We enter the dating world armed with preferences, those quiet inclinations that draw us toward certain kinds of people. There’s a natural human tendency to seek familiarity or shared values. But somewhere along the line, a shadow can creep in, twisting healthy attraction into something more rigid and ultimately dehumanizing. This often manifests in two seemingly opposite, yet intimately connected, behaviors: the fetishizing of specific women and the systematic avoidance of others. Both are sides of the same coin, a coin that pays out in fantasy and pays for with genuine connection.
Fetishizing in dating is not merely a strong preference. It is the reduction of a whole person to a single attribute—her race, her profession, her body type, a perceived personality trait. It is the belief that this attribute contains her entire essence and purpose in relation to you. She becomes not a complex individual, but an “Asian woman,” a “nurse,” a “manic pixie dream girl,” a “trophy.” The pursuit is not for her, but for the idea of her, a curated fantasy that promises to fulfill a specific need or narrative in your own life. The humanity of the person wearing the label becomes secondary to the excitement of the label itself. Conversations become confirmations of the fantasy, and any deviation from the script causes friction. The relationship exists on a surface, satisfying a craving but starving the soul of both people involved.

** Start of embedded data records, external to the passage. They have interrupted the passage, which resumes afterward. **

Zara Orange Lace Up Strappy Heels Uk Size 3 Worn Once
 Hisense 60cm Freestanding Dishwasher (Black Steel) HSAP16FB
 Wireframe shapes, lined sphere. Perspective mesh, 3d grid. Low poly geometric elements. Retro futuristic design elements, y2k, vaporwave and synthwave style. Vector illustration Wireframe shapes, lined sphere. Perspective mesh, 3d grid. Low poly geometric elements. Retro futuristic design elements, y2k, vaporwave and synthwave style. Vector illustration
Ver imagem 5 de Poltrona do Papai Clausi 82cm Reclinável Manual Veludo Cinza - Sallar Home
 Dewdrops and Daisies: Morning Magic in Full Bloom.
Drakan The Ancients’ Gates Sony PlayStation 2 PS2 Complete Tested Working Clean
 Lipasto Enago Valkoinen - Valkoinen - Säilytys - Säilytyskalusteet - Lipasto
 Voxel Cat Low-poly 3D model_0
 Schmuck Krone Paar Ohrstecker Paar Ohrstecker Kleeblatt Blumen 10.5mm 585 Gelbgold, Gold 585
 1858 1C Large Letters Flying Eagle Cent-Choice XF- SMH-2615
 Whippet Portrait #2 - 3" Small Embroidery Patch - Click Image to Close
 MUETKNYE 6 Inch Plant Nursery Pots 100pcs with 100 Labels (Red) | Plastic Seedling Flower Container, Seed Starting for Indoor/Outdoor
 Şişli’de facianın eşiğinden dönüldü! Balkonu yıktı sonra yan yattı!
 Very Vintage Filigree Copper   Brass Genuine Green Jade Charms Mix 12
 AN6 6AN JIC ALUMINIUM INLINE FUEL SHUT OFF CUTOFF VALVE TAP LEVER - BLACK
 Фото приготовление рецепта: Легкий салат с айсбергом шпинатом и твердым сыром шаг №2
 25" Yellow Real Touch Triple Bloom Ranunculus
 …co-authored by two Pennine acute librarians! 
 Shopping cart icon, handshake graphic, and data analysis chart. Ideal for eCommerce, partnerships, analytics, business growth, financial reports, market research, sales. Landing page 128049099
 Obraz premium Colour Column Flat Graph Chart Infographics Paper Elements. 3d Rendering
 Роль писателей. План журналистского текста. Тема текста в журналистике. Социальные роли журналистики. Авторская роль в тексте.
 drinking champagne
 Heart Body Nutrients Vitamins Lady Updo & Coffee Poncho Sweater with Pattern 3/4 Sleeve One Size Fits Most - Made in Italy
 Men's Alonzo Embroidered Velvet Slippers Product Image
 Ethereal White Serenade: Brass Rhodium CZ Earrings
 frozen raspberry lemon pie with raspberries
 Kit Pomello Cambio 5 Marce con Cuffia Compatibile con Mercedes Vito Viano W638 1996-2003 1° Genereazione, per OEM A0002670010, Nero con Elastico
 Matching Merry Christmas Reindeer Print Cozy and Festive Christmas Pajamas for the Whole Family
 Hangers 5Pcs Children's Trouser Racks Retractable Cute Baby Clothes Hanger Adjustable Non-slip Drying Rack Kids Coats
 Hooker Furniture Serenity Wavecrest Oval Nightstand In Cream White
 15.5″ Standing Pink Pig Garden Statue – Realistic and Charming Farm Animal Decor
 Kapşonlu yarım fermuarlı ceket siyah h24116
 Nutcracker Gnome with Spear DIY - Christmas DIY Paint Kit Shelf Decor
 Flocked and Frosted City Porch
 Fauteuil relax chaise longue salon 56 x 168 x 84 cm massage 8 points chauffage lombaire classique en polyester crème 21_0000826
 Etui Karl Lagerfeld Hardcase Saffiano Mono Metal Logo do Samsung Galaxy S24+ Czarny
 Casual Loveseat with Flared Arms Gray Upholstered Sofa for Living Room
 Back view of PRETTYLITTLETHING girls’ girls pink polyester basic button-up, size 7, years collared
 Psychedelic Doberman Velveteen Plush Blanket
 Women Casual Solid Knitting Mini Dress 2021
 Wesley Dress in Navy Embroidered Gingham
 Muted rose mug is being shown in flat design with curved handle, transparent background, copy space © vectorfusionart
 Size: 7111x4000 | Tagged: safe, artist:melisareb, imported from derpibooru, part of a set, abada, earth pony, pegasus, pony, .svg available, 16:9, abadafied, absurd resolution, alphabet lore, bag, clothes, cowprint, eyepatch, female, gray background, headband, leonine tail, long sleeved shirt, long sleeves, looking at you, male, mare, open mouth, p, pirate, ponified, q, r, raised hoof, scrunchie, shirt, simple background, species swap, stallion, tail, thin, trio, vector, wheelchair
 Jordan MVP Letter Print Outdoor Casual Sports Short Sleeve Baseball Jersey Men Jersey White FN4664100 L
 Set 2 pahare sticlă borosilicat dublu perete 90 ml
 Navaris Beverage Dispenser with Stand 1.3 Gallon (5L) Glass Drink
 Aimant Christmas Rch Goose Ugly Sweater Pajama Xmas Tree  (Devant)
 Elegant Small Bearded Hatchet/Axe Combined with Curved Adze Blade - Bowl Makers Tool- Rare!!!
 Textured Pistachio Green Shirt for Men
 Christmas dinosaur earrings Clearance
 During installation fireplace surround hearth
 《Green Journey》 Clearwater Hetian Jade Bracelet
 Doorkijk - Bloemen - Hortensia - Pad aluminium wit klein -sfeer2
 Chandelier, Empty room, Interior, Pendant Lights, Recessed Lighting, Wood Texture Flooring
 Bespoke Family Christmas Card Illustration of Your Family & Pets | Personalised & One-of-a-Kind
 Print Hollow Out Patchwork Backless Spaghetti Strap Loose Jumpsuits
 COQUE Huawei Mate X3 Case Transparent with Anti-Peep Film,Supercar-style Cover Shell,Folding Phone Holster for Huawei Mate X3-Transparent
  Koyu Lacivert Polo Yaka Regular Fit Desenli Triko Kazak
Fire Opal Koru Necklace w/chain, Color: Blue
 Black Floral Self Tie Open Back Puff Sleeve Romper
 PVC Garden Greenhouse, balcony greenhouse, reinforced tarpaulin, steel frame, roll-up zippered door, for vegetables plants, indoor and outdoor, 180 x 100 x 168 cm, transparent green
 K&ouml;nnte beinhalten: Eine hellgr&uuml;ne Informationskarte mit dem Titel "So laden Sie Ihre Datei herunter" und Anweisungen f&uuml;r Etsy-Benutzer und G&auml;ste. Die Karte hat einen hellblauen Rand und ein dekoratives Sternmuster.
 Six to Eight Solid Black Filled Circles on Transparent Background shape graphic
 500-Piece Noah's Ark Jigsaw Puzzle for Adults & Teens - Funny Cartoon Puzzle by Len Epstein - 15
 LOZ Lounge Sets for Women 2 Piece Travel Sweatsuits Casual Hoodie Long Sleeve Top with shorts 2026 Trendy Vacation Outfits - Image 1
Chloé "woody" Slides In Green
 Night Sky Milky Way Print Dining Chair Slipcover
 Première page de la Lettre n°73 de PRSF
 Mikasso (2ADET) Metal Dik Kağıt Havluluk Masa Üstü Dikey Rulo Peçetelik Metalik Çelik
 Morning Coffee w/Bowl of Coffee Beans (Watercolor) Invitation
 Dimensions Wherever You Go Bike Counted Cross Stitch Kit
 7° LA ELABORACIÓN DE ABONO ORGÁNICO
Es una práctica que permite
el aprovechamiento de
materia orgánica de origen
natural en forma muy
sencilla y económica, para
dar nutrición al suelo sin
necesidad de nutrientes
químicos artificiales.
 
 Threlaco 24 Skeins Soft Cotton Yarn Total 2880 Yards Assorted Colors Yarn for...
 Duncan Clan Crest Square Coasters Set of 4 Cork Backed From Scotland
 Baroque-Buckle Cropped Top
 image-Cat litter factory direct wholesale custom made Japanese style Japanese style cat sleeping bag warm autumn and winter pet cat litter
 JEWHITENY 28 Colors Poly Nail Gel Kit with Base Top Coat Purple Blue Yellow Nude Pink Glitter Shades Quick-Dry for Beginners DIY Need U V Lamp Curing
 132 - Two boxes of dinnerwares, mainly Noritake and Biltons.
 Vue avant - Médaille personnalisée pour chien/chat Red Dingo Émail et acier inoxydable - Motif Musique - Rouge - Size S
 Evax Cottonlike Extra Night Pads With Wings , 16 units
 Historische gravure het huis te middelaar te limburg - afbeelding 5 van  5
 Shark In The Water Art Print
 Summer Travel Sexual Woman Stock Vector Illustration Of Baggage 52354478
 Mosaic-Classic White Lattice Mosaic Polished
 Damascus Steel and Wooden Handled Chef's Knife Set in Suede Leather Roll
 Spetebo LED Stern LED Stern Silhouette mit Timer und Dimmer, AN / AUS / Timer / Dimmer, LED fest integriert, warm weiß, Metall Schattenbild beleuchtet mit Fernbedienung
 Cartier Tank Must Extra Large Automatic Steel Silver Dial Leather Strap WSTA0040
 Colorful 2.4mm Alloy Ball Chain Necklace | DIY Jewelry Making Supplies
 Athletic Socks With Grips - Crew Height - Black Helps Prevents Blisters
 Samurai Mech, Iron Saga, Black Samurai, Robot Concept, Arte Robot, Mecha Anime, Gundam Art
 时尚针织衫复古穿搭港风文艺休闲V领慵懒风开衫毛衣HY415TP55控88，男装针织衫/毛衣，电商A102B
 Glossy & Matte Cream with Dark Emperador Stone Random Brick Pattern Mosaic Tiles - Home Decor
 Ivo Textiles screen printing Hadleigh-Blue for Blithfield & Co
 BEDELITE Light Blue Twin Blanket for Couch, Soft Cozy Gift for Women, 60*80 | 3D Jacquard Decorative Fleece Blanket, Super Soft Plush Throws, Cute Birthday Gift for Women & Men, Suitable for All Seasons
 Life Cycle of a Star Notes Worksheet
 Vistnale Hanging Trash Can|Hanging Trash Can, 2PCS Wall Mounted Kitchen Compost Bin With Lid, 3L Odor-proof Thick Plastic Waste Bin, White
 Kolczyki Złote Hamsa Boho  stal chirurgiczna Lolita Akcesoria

If fetishizing is an obsessive pull toward a caricature, avoidance is its repulsive counterpart. It is the wholesale dismissal of an entire category of women based on that same reductionist logic. Perhaps you’ve heard it, or even thought it: “I never date artists,” or “I could never be with someone from that background,” or “Women with strong opinions are too much work.” Avoidance builds walls where bridges could be. It often stems from a single negative experience, a stereotype absorbed from media, or an unexamined insecurity projected outward. By avoiding a “type,” you create a false sense of safety and control, a streamlined dating pool that feels manageable. But in this management, you rob yourself of profound and surprising connections. You judge a book by its cover, and in doing so, never discover the story inside.
What makes these patterns so corrosive is that they both refuse to see the person in front of you. Whether you are placing someone on a pedestal built from your fantasies or excluding her from consideration based on your fears, you are engaging with a fiction, not a flesh-and-blood human. The fetishizer sees only the attribute he desires; the avoider sees only the attribute he fears. Neither sees the full constellation of experiences, dreams, contradictions, and strengths that make a person who they are. This is the great tragedy—it shortcuts the very discovery that makes dating meaningful.
Moving beyond these patterns requires a conscious return to curiosity. It asks us to interrogate our own “types” and “never-agains.” Where did that preference truly come from? Does it hold space for exception, for individuality? It requires us to approach each new person as a universe unto herself, not a checkbox on a list or a walking stereotype. It means listening to her story, not just hearing what confirms your preconceptions.
True connection is found in the specific, not the categorical. It flourishes in the nuanced space between your expectations and her reality. It’s found in the lawyer who is also a poet, the single mother who is also an adventurer, the quiet woman who holds revolutionary ideas. When we let go of the need to fetishize or avoid, we open ourselves to the messy, unpredictable, and breathtaking possibility of being surprised by someone. We open ourselves to the chance of being seen, truly seen, in return. And that is a story worth writing together, one honest conversation at a time.